* ABOUT THIS EXERCISE:
In the data below, one line contains "PADI Rescue Diver" and a later one contains "Master cabin office space". Print both, with every line between them, exactly and alone.

#### DATA FOR REVIEW

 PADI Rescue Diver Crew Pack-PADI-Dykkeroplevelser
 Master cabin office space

########
#### DATA FOR REVIEW

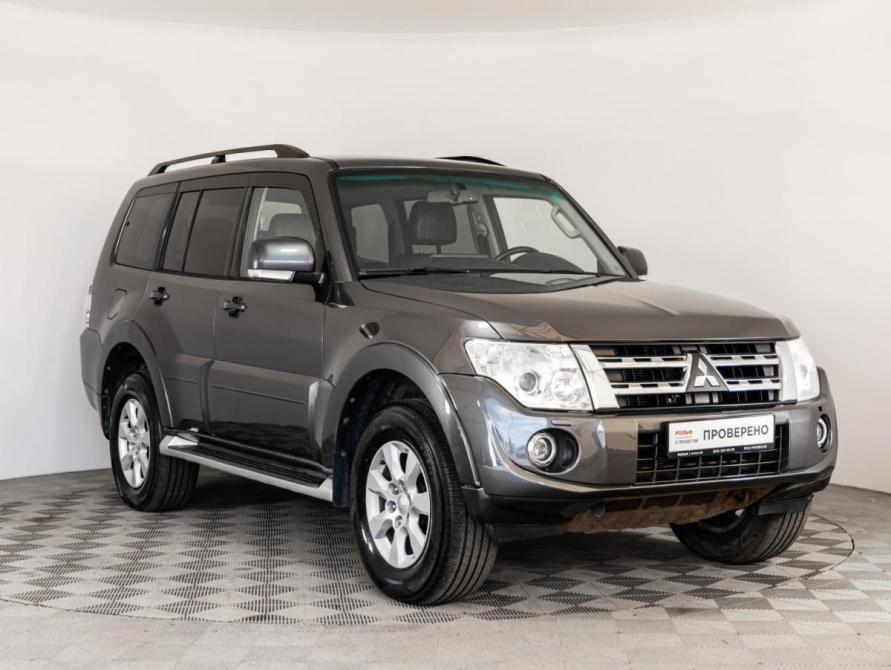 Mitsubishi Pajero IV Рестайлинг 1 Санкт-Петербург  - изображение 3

########

* WRITTEN SOLUTION:
 PADI Rescue Diver Crew Pack-PADI-Dykkeroplevelser
 Master cabin office space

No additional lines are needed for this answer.